Os juros de mora representam uma indenização pelo descumprimento de uma obrigação legal ou negocial. Eles “funcionam como uma sanção pelo retardamento” no cumprimento de uma obrigação. Não se confundem com os juros remuneratórios, que traduzem uma remuneração “pelo capital emprestado”, que representam uma espécie de preço pelo “‘aluguel’ do capital” [2].

Por sua vez, a correção monetária consiste num mecanismo de reposição do valor da moeda, de preservação de seu valor aquisitivo, corroído no tempo pelos efeitos da inflação. Ela tem o condão de impedir o locupletamento indevido do obrigado, porém não representa uma penalidade” [3].

Assim, na hipótese de condenação ao pagamento de valores, deve-se assegurar que sejam acrescidos juros moratórios desde a citação para as obrigações ilíquidas, nos termos do artigo 240 do CPC e artigo 405 do CC, e desde o vencimento nas obrigações líquidas, certas e vencidas (artigo 397 do CC). Porém, no caso de condenação por ato ilícito (responsabilidade extracontratual, também denominada aquiliana), os juros de mora são devidos a partir do evento danoso (artigo 398 do CC e Súmula nº 54 do STJ). Por sua vez, a correção monetária incide, nas obrigações líquidas e certas, a contar do respectivo vencimento; nas obrigações ilíquidas, a contar do ajuizamento da ação (artigo 1º da Lei nº 6.899/1981) [4].

Mas qual índice deve ser utilizado para calcular os juros de mora e a correção monetária?
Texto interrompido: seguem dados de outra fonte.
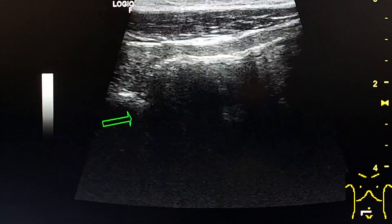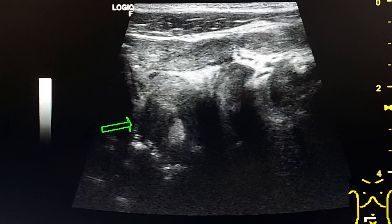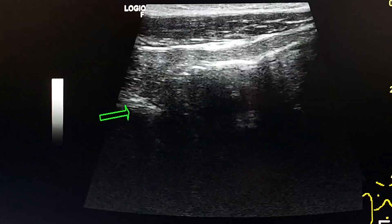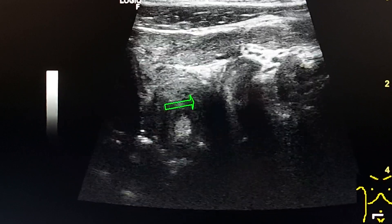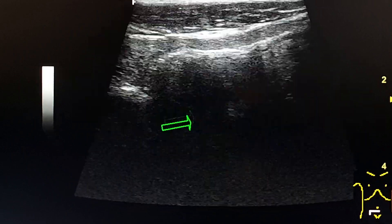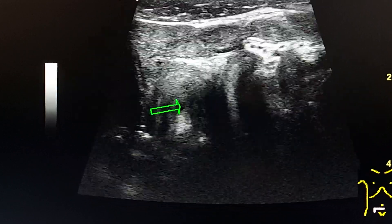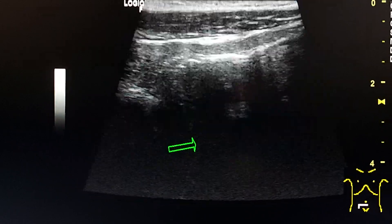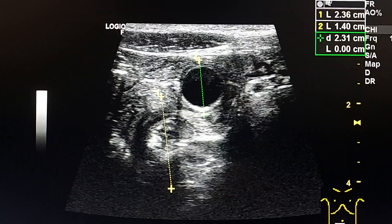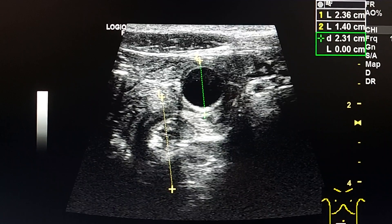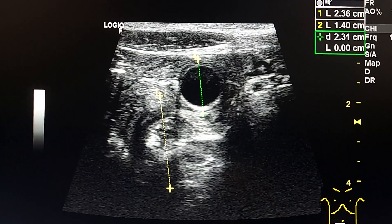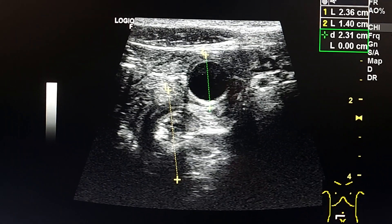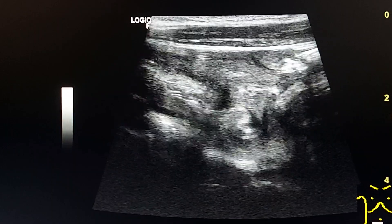Here in the right pelvic area, just next to the right iliac vessels, we see a whirlpool sign — a helical configuration of small bowel loops — which confirms the volvulus. Here we see the whirlpool sign and the diverticulum adjacent to it in transverse section.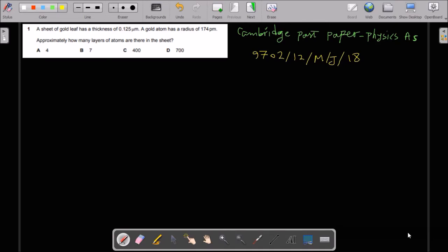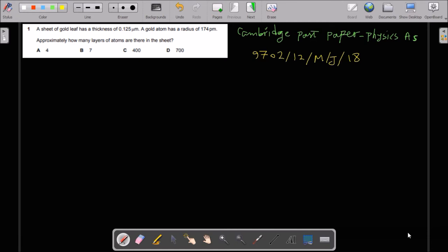This is a past paper of Cambridge Physics AS 9702, May-June 2018. Question number 1: it is said that a sheet of gold leaf has a thickness of 0.125 micrometers, and a gold atom has a radius of 174 picometers. Approximately, how many layers of atoms are there in the sheet?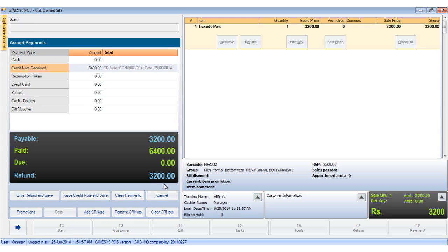We choose the appropriate credit note and click select. Once the credit note is tagged, its details are shown in the mode of payments area. The calculation box reflects the payable amount of rupees 3200, the paid amount of rupees 6400 which is the amount of the credit note, and a refund of rupees 3200 which is the balance.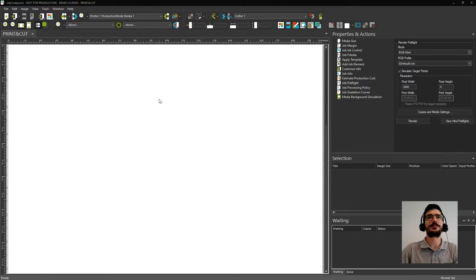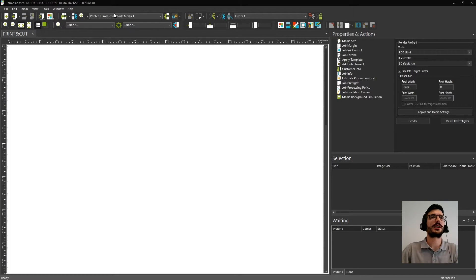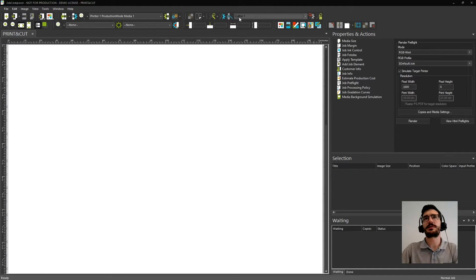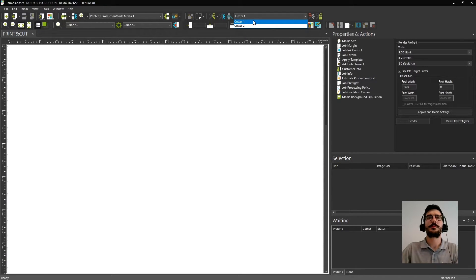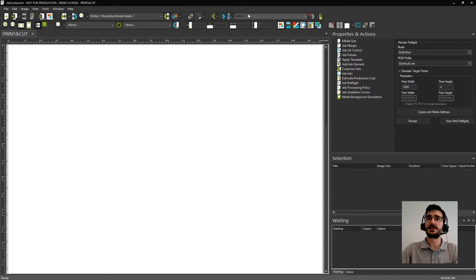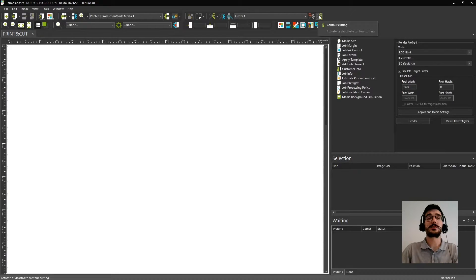The first thing you need to do is select the print environment that you want to use. For this case, I will leave this one selected and then you need to create a job that you already have here. What you have to pay attention to now is our cut environment right here. On the list, I have two cutters, but I want to select cutter number one. Before continuing, you need to come here and activate the cutter cutting — otherwise the software will not know that you want to print and cut afterwards.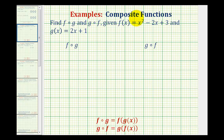We want to find the composition functions f of g and g of f, given f of x equals x squared minus two x plus three, and g of x equals two x plus one.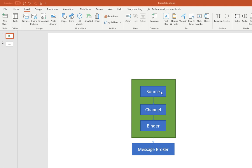And then you have a concept of channel. A channel is an abstraction over a queue or a topic. So in Kafka you have topics, in RabbitMQ you have queues. So channel is basically an abstraction over that.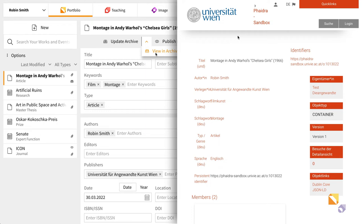Now your Portfolio entry is saved as a linked entry in the repository of your university.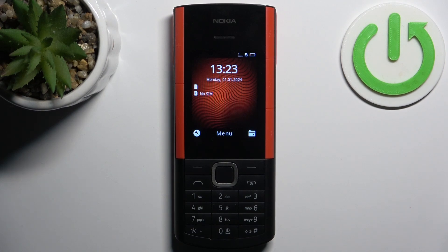Here I have the Nokia 5710AX, and today I'm going to show you how to transfer files from internal storage to SD card on this device.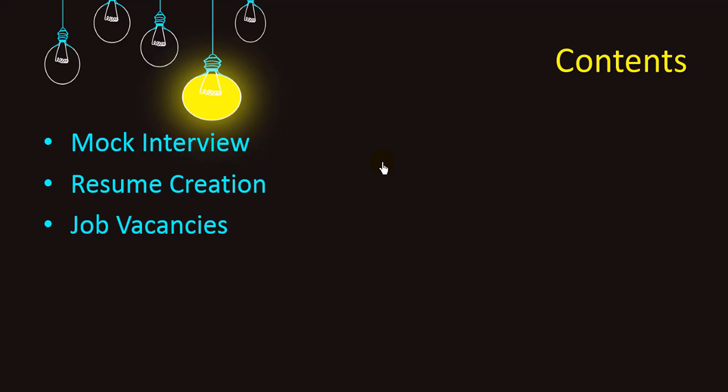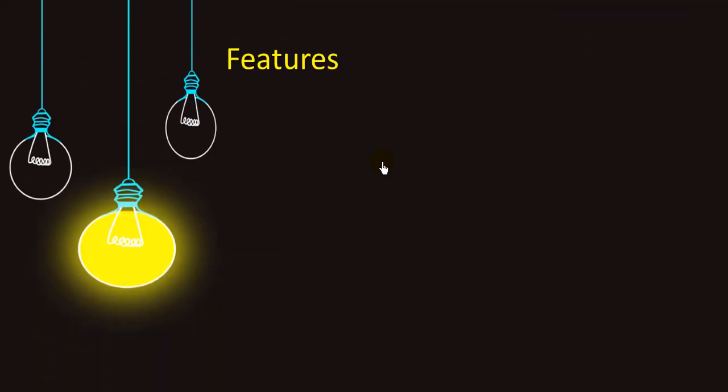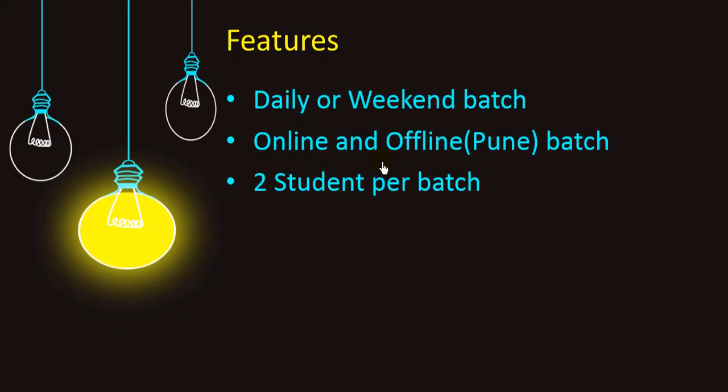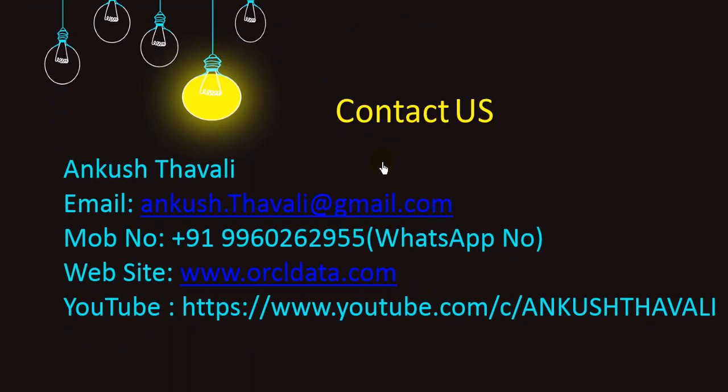To contact us, you can reach out to this email ID or use the mobile number. This is the official website www.oracledata.com and you can also reach out to this YouTube channel. Thank you.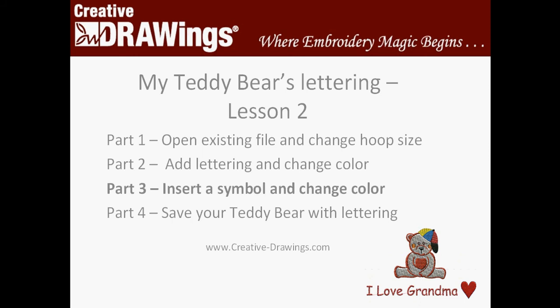So now we're ready to go on to Lesson 2, Part 3, where we insert a symbol and change the color of that symbol and add that all to your teddy bear and lettering.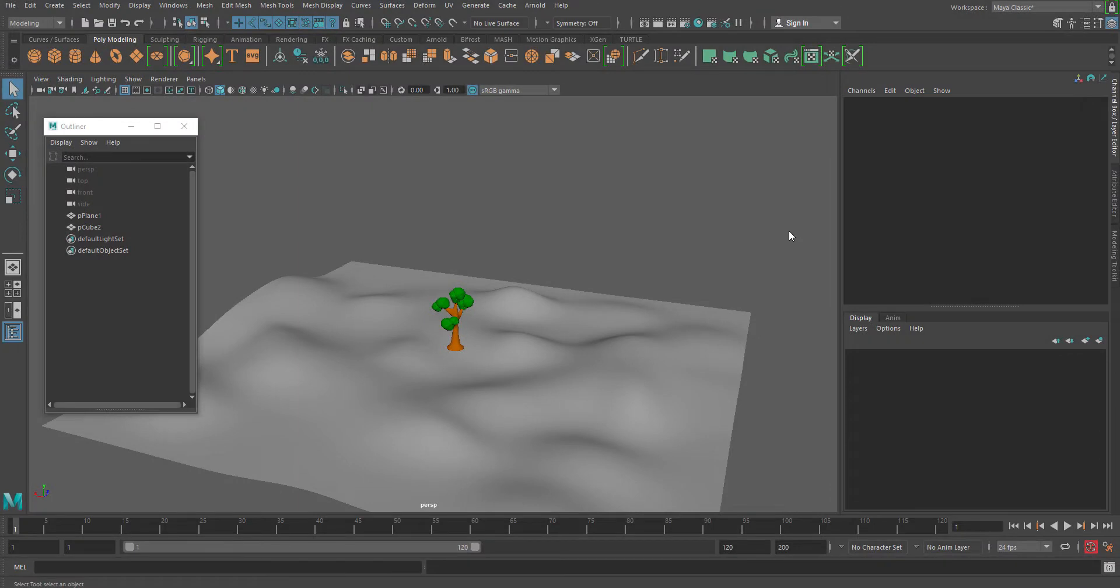Hello, welcome to StudioPixel. In this video, we are going to discuss the world node in MASH.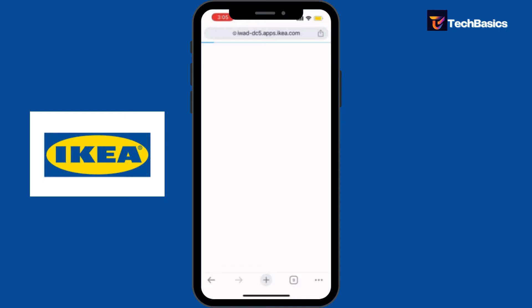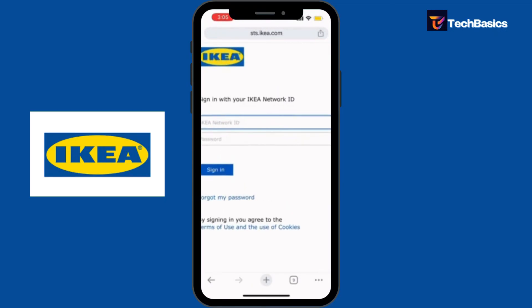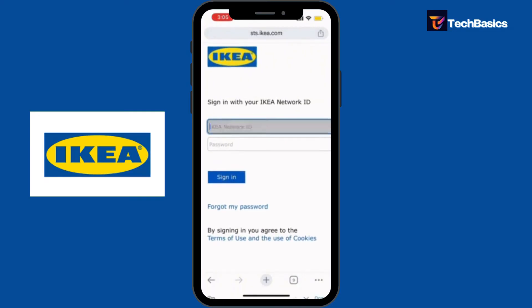Depending on your internet connection it may take a long time, but here you go — this is the signing page. You have to type in your IKEA Network ID.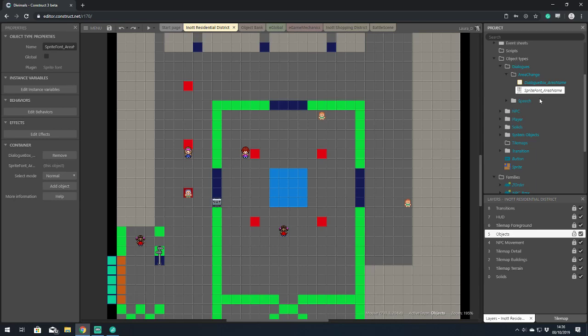We were all out last week at an event for teachers learning how to use Construct 3 in the classroom. We thought this would be really good to see how teachers and beginners use Construct 3.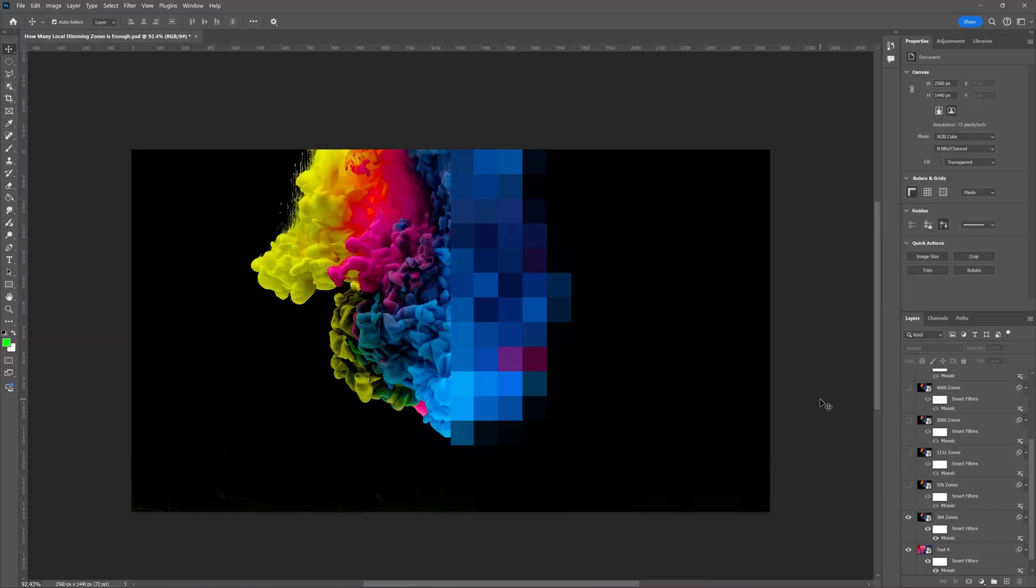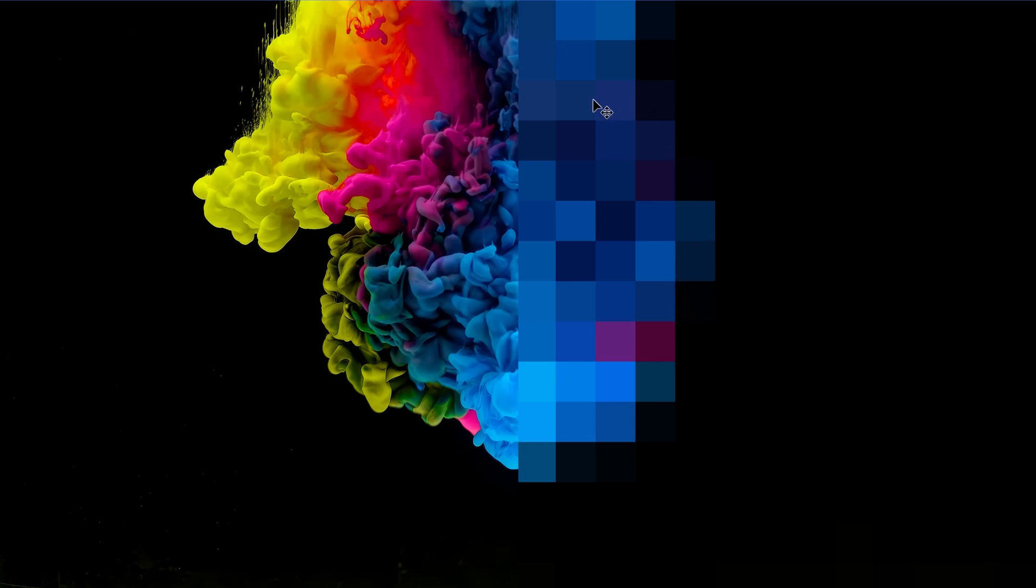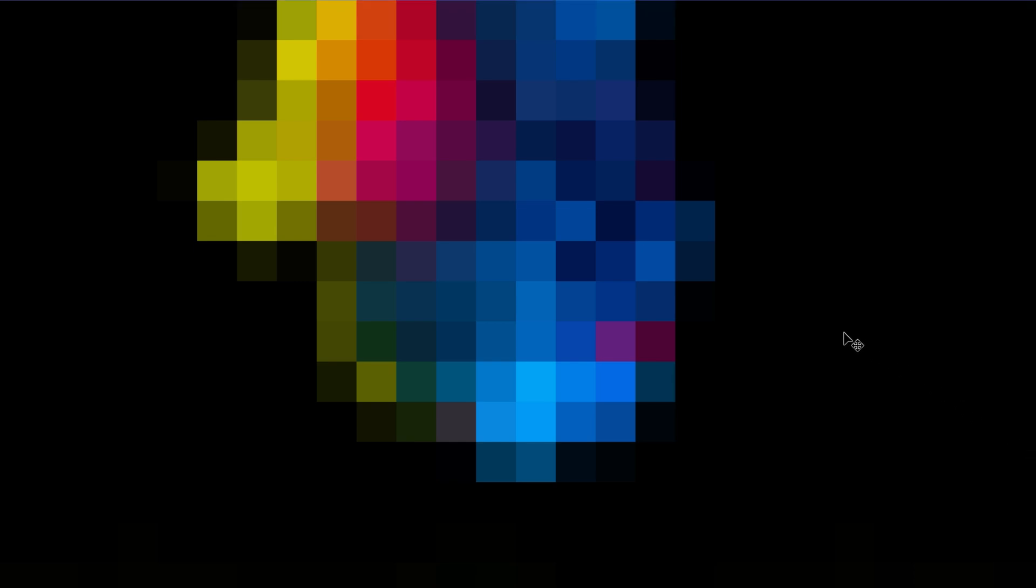Here we are in Photoshop. We're going to start off with 384 local dimming zones. As you can see here on the left, we have the actual image that we're trying to display. And on the right is, in theory, the mini LED monitor. This is what the backlight would look like, trying to convey how much depth and contrast you're actually going to get. Is 384 local dimming zones going to be enough? Clearly the answer is no.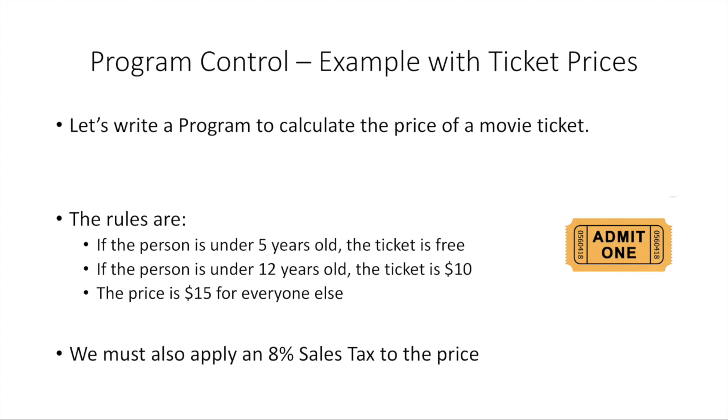Now, let's take an example with a little program to calculate ticket prices for a movie theater. The rules are: if the person is under 5 years old, the ticket is free. If the person is under 12 years old, they get a discount. The ticket is $10. And the price is $15 for everyone else. We also have to calculate sales tax of 8% at the end on the price, whichever the price of the ticket is: $10, $15, or $0 in the case where the ticket is free.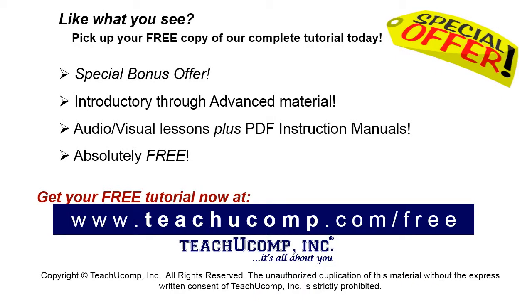Like what you see? Pick up your free copy of the complete tutorial at www.teachucomp.com forward slash free.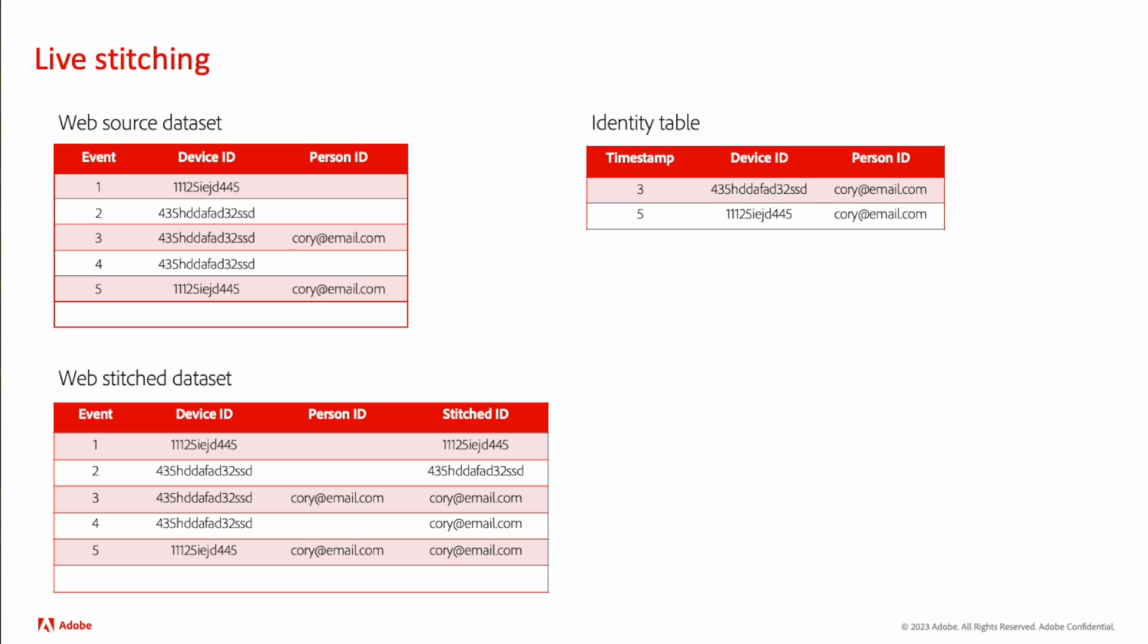And on the sixth event, we don't know who this is, so it's left with the device ID. At this point, the data represents four different people, three different device IDs, and an email of quarry at email.com. We know that's not accurate, but as the data flowed in, that's what we're able to do.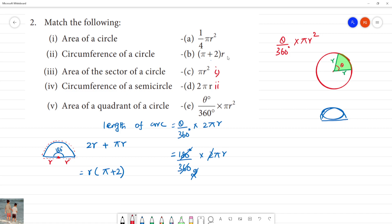Area of the sector of the circle is the third one. Circumference of semicircle is the fourth one. This is the explanation for the third and fourth formulas.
Quanto aos juros moratórios, tem prevalecido o entendimento de que, nas condenações civis em geral, devem ser fixados pela taxa Selic [5], conforme inteligência do artigo 406 do CC c/c o artigo 161, §1o, do CTN [6]. Este último dispositivo legal traz uma ressalva que faz incidir a regra do artigo 39, §4o, da Lei no 9.250/1995.[7]

Então, no ano de 2008, no Recurso Especial no 1.102.552/CE, da relatoria do saudoso ministro Teori Albino Zavascki (que depois veio a ser nomeado para o STF), submetido ao regime do artigo 1.036 do CPC, o Superior Tribunal de Justiça, por meio de sua corte especial, decidiu que: “Atualmente, a taxa dos juros moratórios a que se refere o mencionado dispositivo (artigo 406 do CC/2002) é a taxa referencial do Sistema Especial de Liquidação e Custódia – SELIC, por ser ela a que incide como juros moratórios dos tributos federais (arts. 13 da Lei 9.065/95, 84 da Lei 8.981/95, 39, §4º, da Lei no 9.250/95, 61, §3º, da Lei no 9.430/96 e 30 da Lei no 10.522/02)’ (Eresp 727.842, DJ de 20/11/08)” (ver tese do Tema nº 176 do STJ).

Corroborando essa linha de intelecção, em 2021, o STF, no julgamento das ADIs nos 5867 e 6021 e nas ADCs nos 58 e 59, fixou tese no sentido de que, na atualização dos débitos trabalhistas, devem ser aplicados, “até que sobrevenha solução legislativa, os mesmos índices de correção monetária e de juros vigentes para as condenações cíveis em geral, quais sejam a incidência do IPCA-E na fase pré-judicial e, a partir do ajuizamento da ação, a incidência da taxa Selic (artigo 406 do Código Civil), à exceção das dívidas da Fazenda Pública, que possuem regramento específico” [8].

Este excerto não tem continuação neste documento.